=== TASK STATEMENT ===
Return exactly, please, the line that contains "Президент Пан’європейського руху" and every line after it through the end of the material that follows, leaving pictures aside.

=== SOURCE RECORDS ===
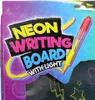 Toi-Toys 48059A - Neon beleuchtete Schreibtafel (mit Marker Produktbild-Vorschau 9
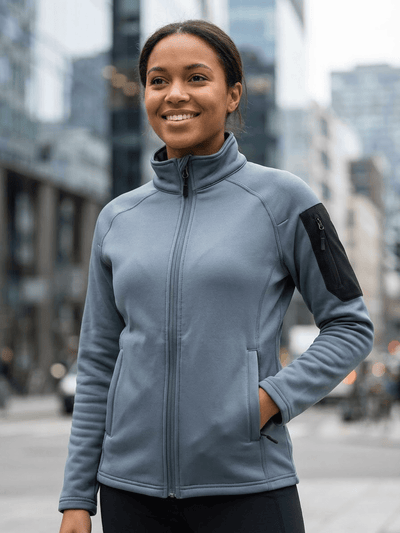 Polar Técnico Mujer Oxwear Edna - Anditek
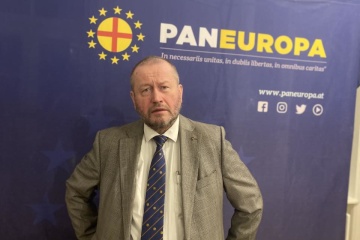 Президент Пан’європейського руху Австрії: Мирний план реалістичний, якщо у Москви не залишиться іншого вибору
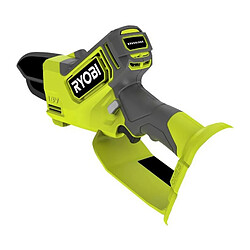 Elagueur a main RYOBI RY18PSX10A-120 - 18V - Fonction Brushless - Guide 10cm - Batterie lithium + chargeur fournis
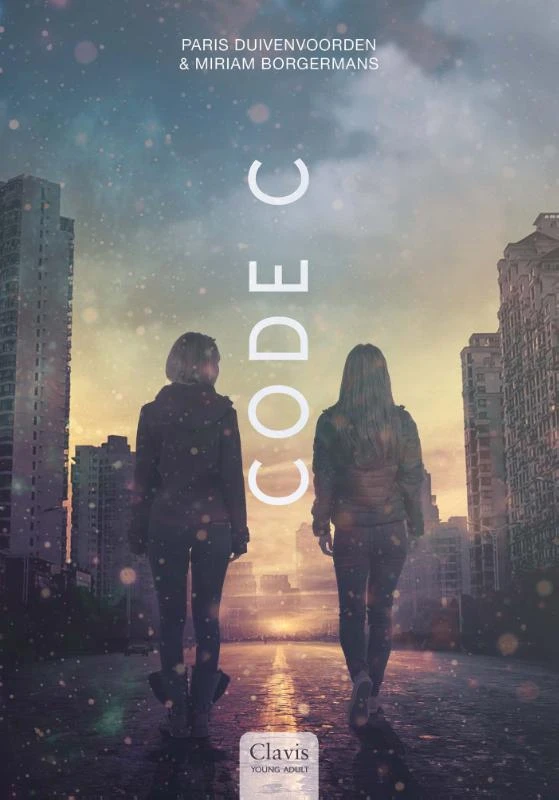 Code C – Paris Duivenvoorden – boek cover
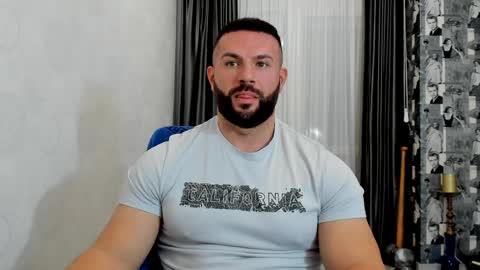 joshuamuscle69 online show from April 4, 9:28 am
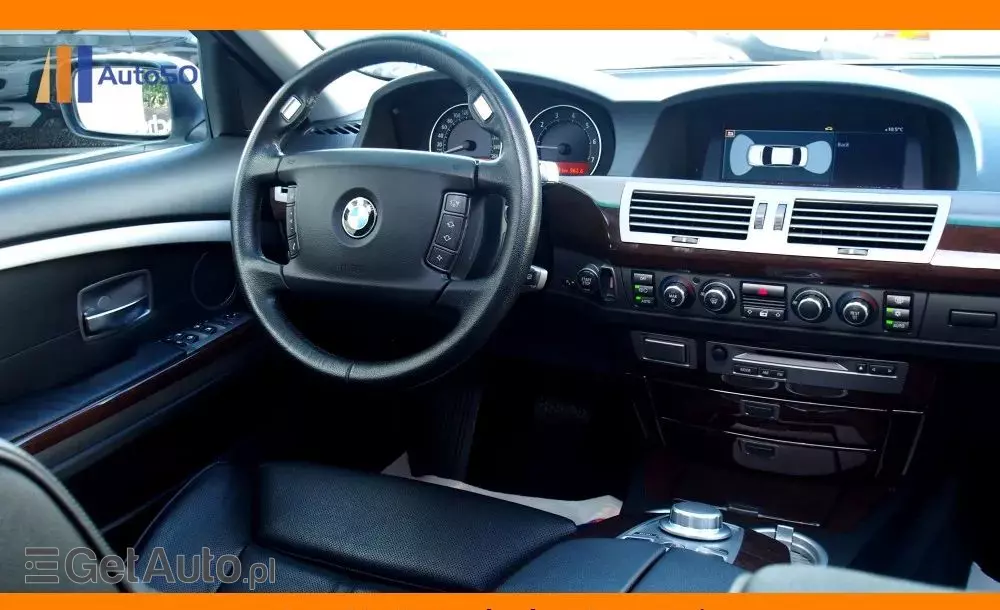 BMW Seria 7 750i L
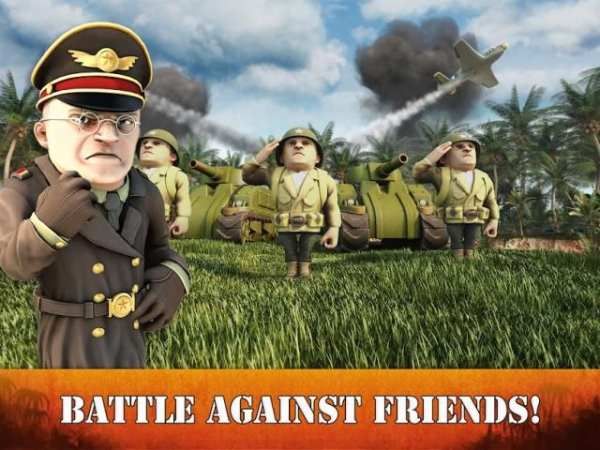 Battle Islands screenshot 6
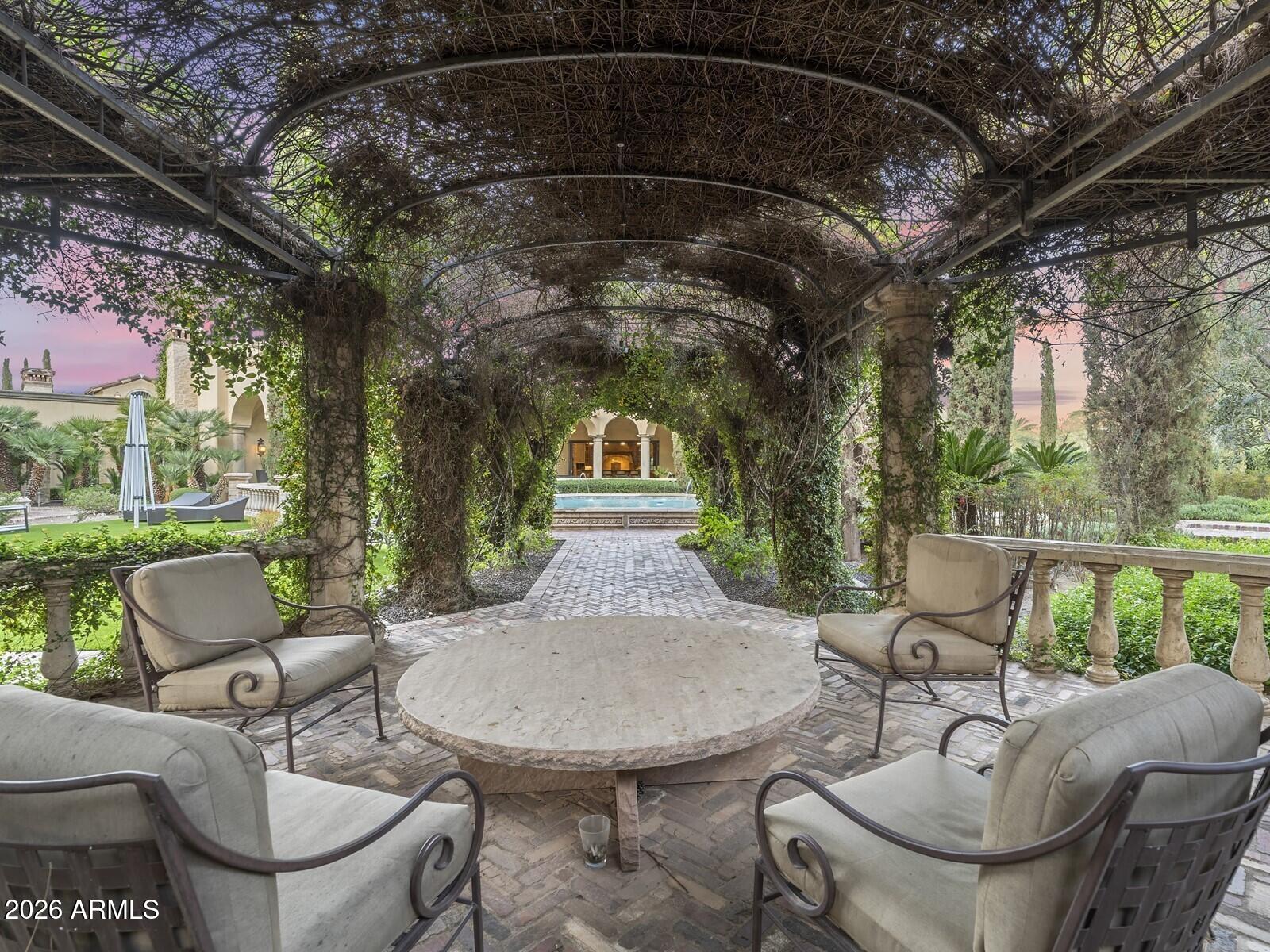 6619 E STALLION Road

=== RESULT ===
 Президент Пан’європейського руху Австрії: Мирний план реалістичний, якщо у Москви не залишиться іншого вибору
 Elagueur a main RYOBI RY18PSX10A-120 - 18V - Fonction Brushless - Guide 10cm - Batterie lithium + chargeur fournis
 Code C – Paris Duivenvoorden – boek cover
 joshuamuscle69 online show from April 4, 9:28 am
 BMW Seria 7 750i L
 Battle Islands screenshot 6
 6619 E STALLION Road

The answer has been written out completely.